One would have expected the Diaspora Ministry, an arm of the RA government, to have tackled such a monumental task with a higher degree of accountability and understanding.
Armenians aren’t the only ones that will be visiting this site. We might excuse its serious shortcomings as yet another example of “business as usual”, a project of show more than substance.
I will not go into detail regarding the unacceptable translation, lack of a cohesive thematic thread regarding the Diaspora, its historical underpinnings, relations/symbiosis with the homeland, etc.
Such an analysis would require an exhaustive review regarding the purpose of such a site in the first place. Does it merely wish to serve as a compendium of dry facts and figures or does it aspire to something greater?
Suffice it to say that there is no mention, even in passing, of the Great Repatriation of the Diaspora in the 1940s, the national reawakening and liberation struggle in the Ottoman Empire of the 19th and 20th centuries, the political upheavals that shook Middle East Armenian communities in the post WWII decades, Diaspora-Armenia relations during the Soviet era…
These and other developments shaped and continue to shape the myriad diaspora realities and identities that exist today.
Evidently, the Diaspora Ministry and the Virtual Museum board are ill-equipped to broach these issues. If this is the case, then it would have been prudent not to attempt such a grandiose project from the outset.
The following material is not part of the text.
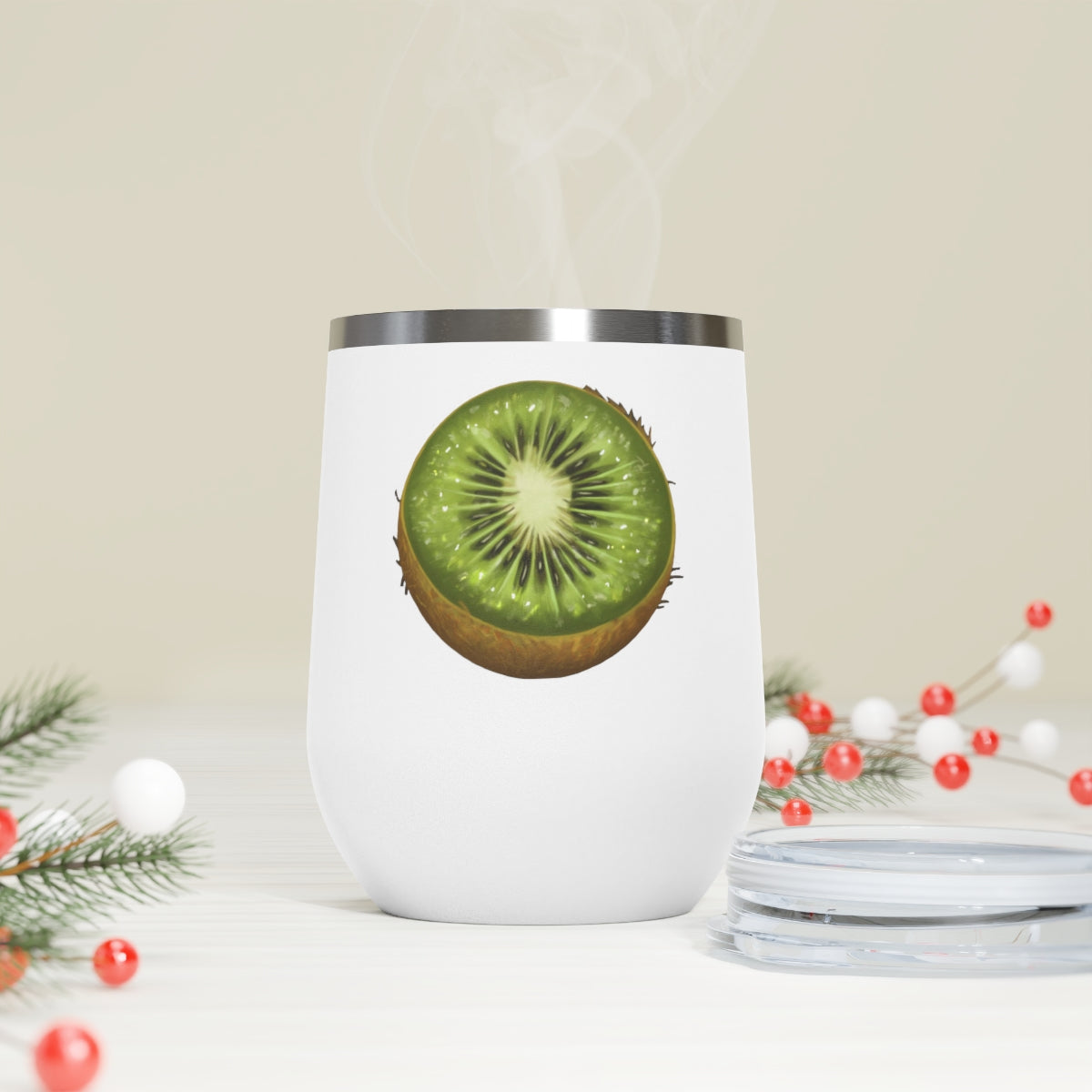 Kiwi 12oz Insulated Wine Tumbler with clear lid, showcasing a sleek stainless steel design.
If I may be so bold to ask – who sits on this editorial board, what are their credentials and whom, from the outside, did they sit down with for advice and overall conceptual planning.
The Ministry cannot escape accountability by saying “this is what we’ve done, good or bad” and then solicit assistance from experts and the community at large. It’s not how things are done on this scale.
Didn’t the editorial board realize that their “in-house” resources were not up to the task at hand?
The Diaspora Minister greets visitors to the site by noting: “Today, in honour of 20th anniversary of the Armenian Republic, we have created the Virtual Museum of Armenian Diaspora web-site.”
We can and must do better not only to honor this glorious anniversary but to honor the road we have travelled and survived as a nation to reach this point.
I agree with the Minister’s words that “that unity is a guarantee of power and progress”. But this must be crystallized with a unity of purpose and vision.
On the eve of the 100th anniversary of the 1915 Armenian Genocide, I pray and hope that the RA government will adopt a much more fastidious, comprehensive and creative approach to public relations and perceptions.
Rest assured that there are many in Armenia and the Diaspora ready and willing to contribute to this vital effort.